Clouds and cloud systems and their interactions with larger scales of
motion, radiation, and the Earth's surface are extremely important parts
of weather and climate systems. Their treatment in weather forecast and
climate models is a significant source of errors and uncertainty. As
computer power increases, it is beginning to be possible to explicitly
resolve cloud and precipitation processes in these models, presenting
opportunities for improving precipitation forecasts and larger-scale
phenomena such as tropical cyclones which depend critically on cloud and
precipitation physics.
This book by Professor Shouting Gao of the Institute of Atmospheric
Physics in Beijing and Xiaofan Li of NOAA's National Environmental
Satellite Data and Information Services (NESDIS) presents an update and
review of results of high-resolution, mostly two-dimensional models of
clouds and precipitation and their interactions with larger scales of
motion and the Earth's surface.

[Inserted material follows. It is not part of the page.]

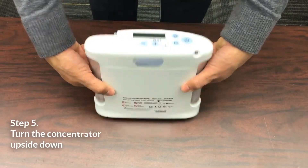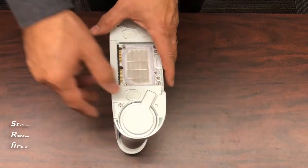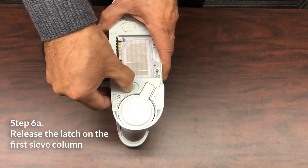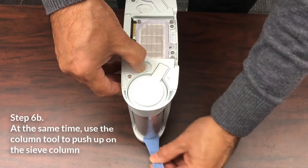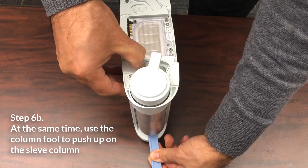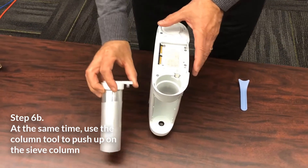Turn the concentrator over so it is standing in the upside down position. Remove the first column by pressing down on the latch button with your thumb or finger. Simultaneously, insert the column tool underneath the opposite side of the column with your other hand. Remove the column completely from the concentrator.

It provides a thorough description of
cloud and precipitation physics, including basic governing equations and
related physics, such as phase changes of water, radiation and mixing.

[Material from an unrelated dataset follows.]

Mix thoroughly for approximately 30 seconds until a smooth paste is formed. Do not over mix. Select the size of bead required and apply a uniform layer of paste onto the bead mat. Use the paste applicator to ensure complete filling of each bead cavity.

Model results are compared with observations from the 1992-93 Tropical
Ocean Global Atmosphere Coupled Ocean Atmosphere Response Experiment
(TOGA COARE) experiment. The importance of the ocean to tropical
convective systems is clearly shown here in the numerical results of
simulations with their air-sea coupled modeling system. While the focus
is on tropical convection, the methodology and applicability can be
extended to cloud and precipitation processes elsewhere.
The results described in this well-written book form a solid foundation
for future high-resolution model weather forecasts and climate
simulations that resolve clouds explicitly in three dimensions--a future
that has great promise for the understanding and prediction of weather
and climate for the great benefit of society.